While Puciato has become known for live performances that include bleeding, fire-breathing and headwalking, Mirrorcell displays a more vulnerable side to the enigmatic frontman. “I always write from a very personal place because I don’t know how to write topically, it doesn’t interest me much at all, and so for me everything is so personal that it’s almost uncomfortable,” he explains. “So when other people read the lyrics and don’t really know [exactly what I’m talking about] that’s a relief to me.” That said, when Puciato sings, “I’m alone inside my castle” on “Never Wanted That,” there is a universality to the lyrics—and themes like loneliness, pain, and transcendence lie at the core of Mirrorcell’s message. In many ways, this approach harkens back to the grunge artists who inspired the album’s music in the same way that songs like Soundgarden’s “Black Hole Sun” or Alice In Chains’ “Would?” have resonated for decades while still maintaining a level of ambiguity that’s inherent to their lasting presence.

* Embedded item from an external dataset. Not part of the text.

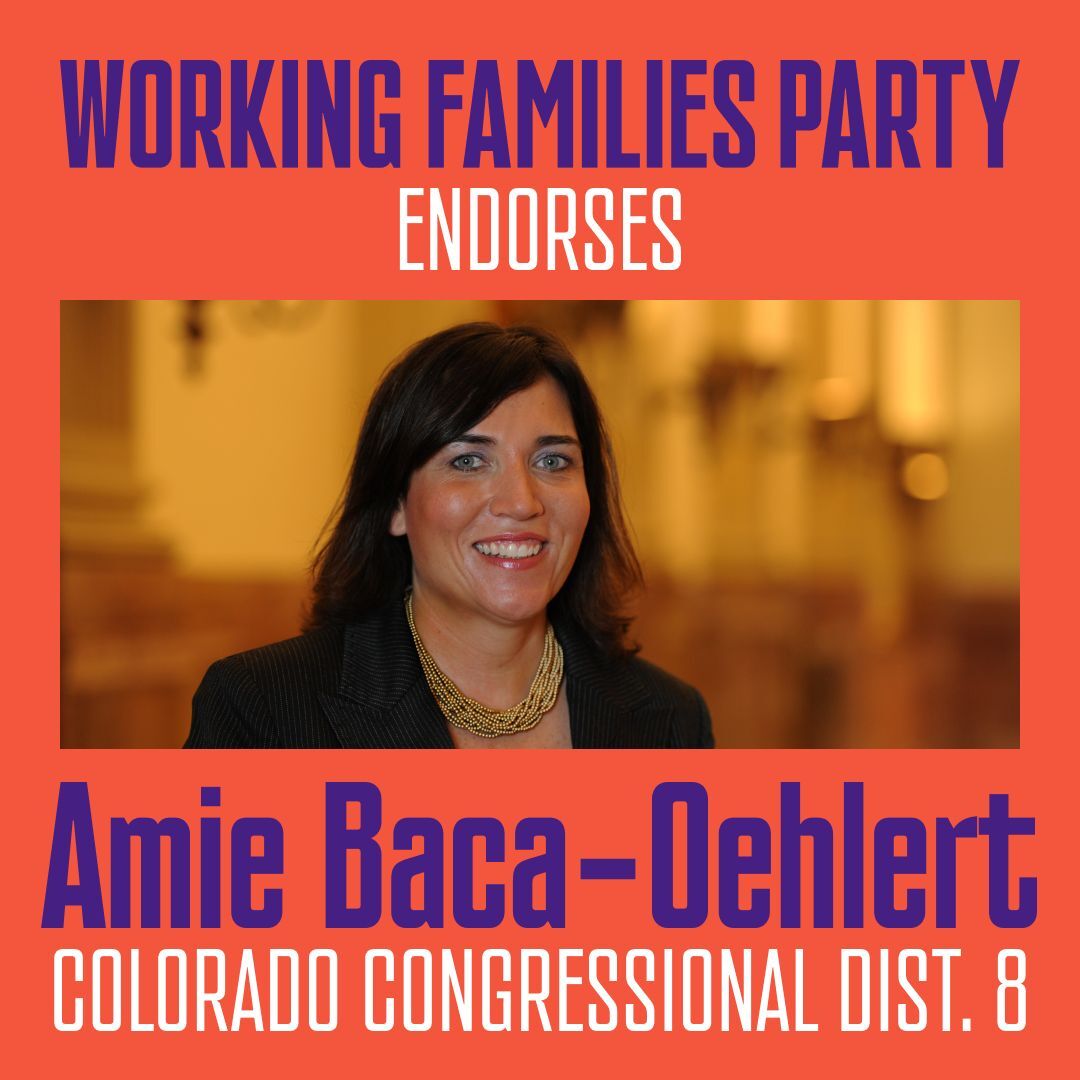 Amie Baca-Oehlert is endorosed by the Working Families Party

Mirrorcell will be released on Federal Prisoner, Puciato’s label collaboration with visual artist Jesse Draxler. “Federal Prisoner was a name that I had in my notepad from 2014, and I didn’t know what it was going to be, but I knew I was going to use it for something. When it came time to release the second Black Queen record [2018’s Infinite Games], the name found its purpose. Jesse wanted to make Federal Prisoner a hybrid of a label and a clothing line, which was exciting to both of us, and it felt just like starting a band—and that’s how we run it, it’s just like it’s our band, but instead it’s a label. It’s a joint creative expression, an evolving intersection, and it was a really natural development—a way for us to keep doing shit together.” In the way Puciato’s music unites him with the people around him, the label is another way for him to connect with both his friends and his audience. “The best feeling is when you have people personally close to you in your life that you can also work with together, creating things that excite you, things that you feel passionate about, with people that you feel passionate about…I mean what’s better than that?” Puciato summarizes, and you get the sense that maybe that’s the red thread running through his whole musical career. “I’ve been chasing that feeling over and over for my entire life and those relationships have been the foundation of every meaningful thing that has happened to me.”